Some great stuff in these forums so hope you don't mind me asking a question.

We switched to an induction hob a few months ago, and performance is great, but we're struggling to find pans that don't click loudly or buzz at higher power settings.

We have a Le Creuset casserole which is fine, a little ticking and low hum but very unobtrusive. But we have tried about half a dozen induction-compatible pans (in the UK, so Ikea, Tefal, Anolon, WMF and Sainsburys own-brand) and each behaves the same way - at low or medium heat the clicking is about the same volume as the old spark ignitions on a gas hob, every 3 or 4 seconds, and the buzzing at high power worried our guests, thinking the hob was about to short out. It's a Whirlpool hob (£330 or around $500 so low-to-mid range).

Does this sound like a faulty hob, or is it just a case of finding the right pan/hob combination?

Thanks,

T


----------



## phatch (Mar 29, 2002)

Disk bottomed pans are more prone to noise in my induction experience when compared to clad pans. 

Also if you've used the pans a lot for years, some slight warping can develop. This can make your pan rock against the cooktop, even very slightly.
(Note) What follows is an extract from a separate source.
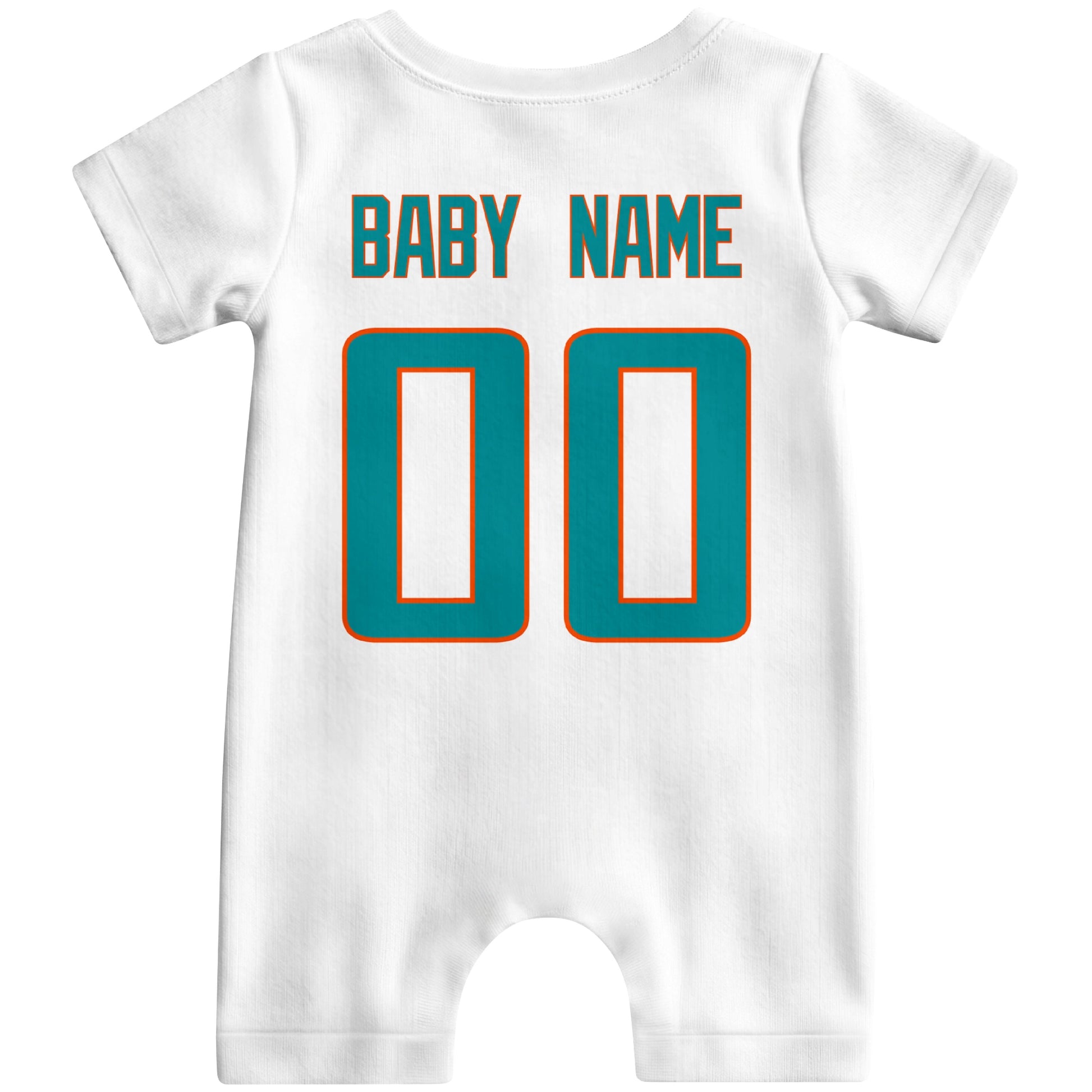 Back view of custom football-style baby onesie in White personalized with name and number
With the cycling of the magnetic field, it can make the pan vibrate against the cooktop.

It's possible its the cooktop, but it's most likely disk bottom pans/slight warps.


----------



## glastoun (Dec 29, 2014)

That makes a lot of sense, thanks - the pans that we can currently use without too much noise are a Le Creuset enamelled casserole dish, a cast iron frying pan with a smooth metal surface all around the outside, and a few saucepans that I have no idea what they're made from but they also have a smoothed metal exterior; to be honest if we could buy some more of these with a non-stick coating we would snap them up, but they were bought in France 20 years ago and have no manufacturers markings on them and haven't seen anything similar in the UK!

Thanks for the help,


----------